The recommended vitamin E intake is 15 mg per day for adult men and women. Low carbohydrate sources of vitamin E include:

Low carbohydrate sources of vitamin E:

  • Sunflower seeds – 1 / cup – 82% RDA
  • Almonds – 1 / cup – 82% RDA
  • Spinach – 1 cup – 40% RDA
  • Avocado – 1 cup – 21% RDA
  • Peanuts – 1/4 cup – 20% RDA
  • Asparagus – 1 cup – 18% RDA
  • Shrimp – 100 g – 17% RDA
  1. Football

Calcium performs many functions in the body, but it is best known for building bone mass and maintaining bone structure. Eating foods rich in calcium is also vital for the operation of our muscles and nerves and for maintaining the correct acid/base balance.

The recommended calcium intake is 1000 mg per day for adult men and women. Low carbohydrate sources of calcium include:

  • Fish with bones, sardines, tuna, salmon.
  • Milk and yogurt
  • Cheeses
  • Kale
  • Soy milk and tofu
  • Almonds
  • Fruits of the sea
  • Black beans and other legumes
  • Broccoli

RELATED:

Does not meeting the RDA mean you have a nutrient deficiency?

There are differences between having a condition diagnosed from a nutrient deficiency (such as rickets or anemia), having a low nutrient level in your blood, and not getting the recommended daily allowance (RDA) of a particular nutrient in your diet.

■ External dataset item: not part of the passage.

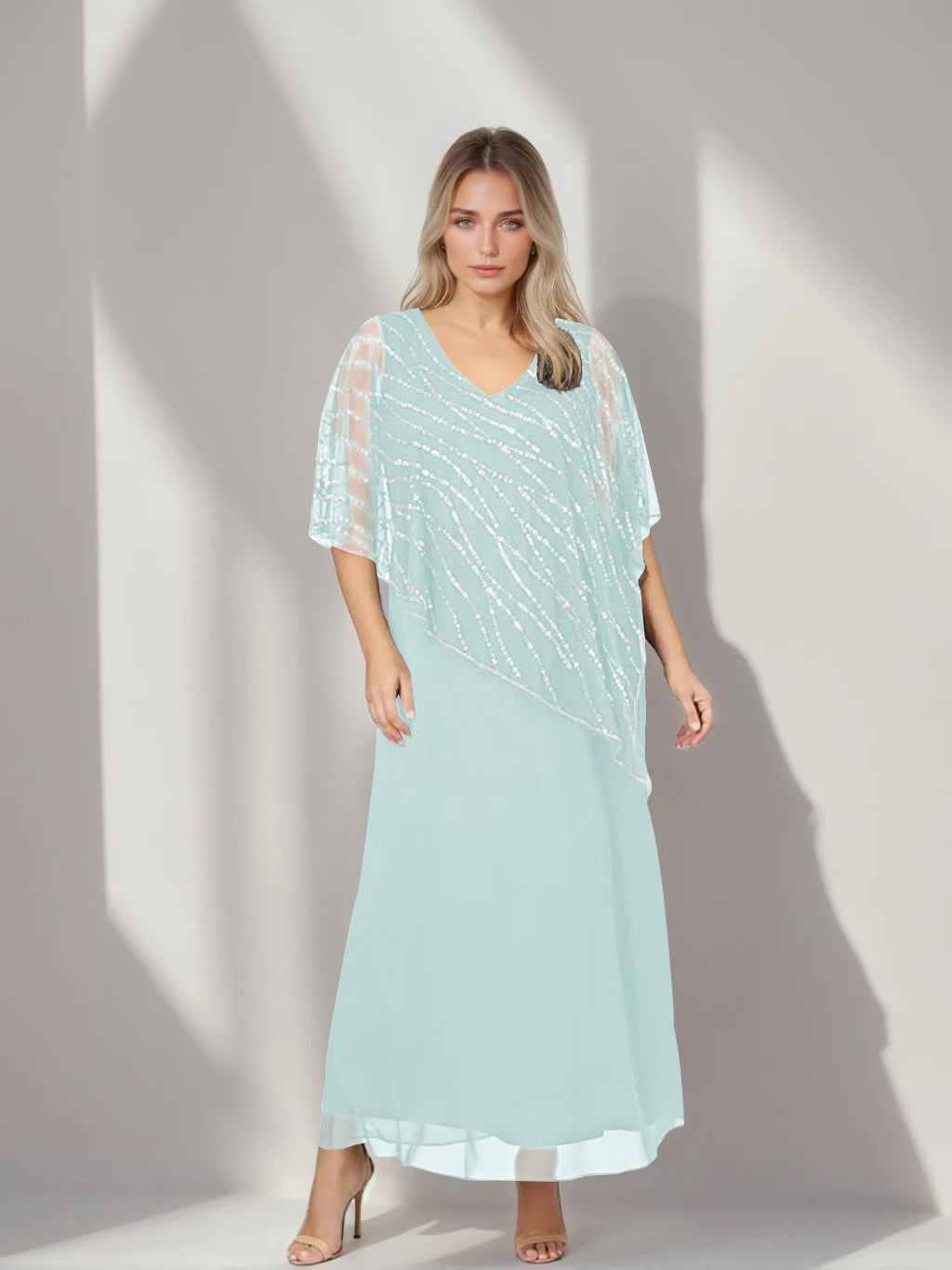 A-Line/Princess V-Neck Half Sleeves Ankle-Length Plus Size Mother of the Bride Dresses with Asymmetrical Cape Popover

Your healthcare provider can do blood tests and other screenings to ensure your body is getting the nutrients it needs to function correctly. If you have further questions about a possible vitamin deficiency on a low-carb diet, speak with your healthcare provider or a registered dietitian.

ABSTRACT

Going on a diet such as a keto can be difficult, but knowing what nutrient deficiencies can develop and how to overcome them can help set you on the path to success, reduce cravings, and increase energy.

Pay particular attention to including a variety of foods in your meal plan full of micronutrients, such as folate, iron, magnesium, and vitamin C, and consider supplementing with a highly-absorbed multivitamin that contains B vitamins.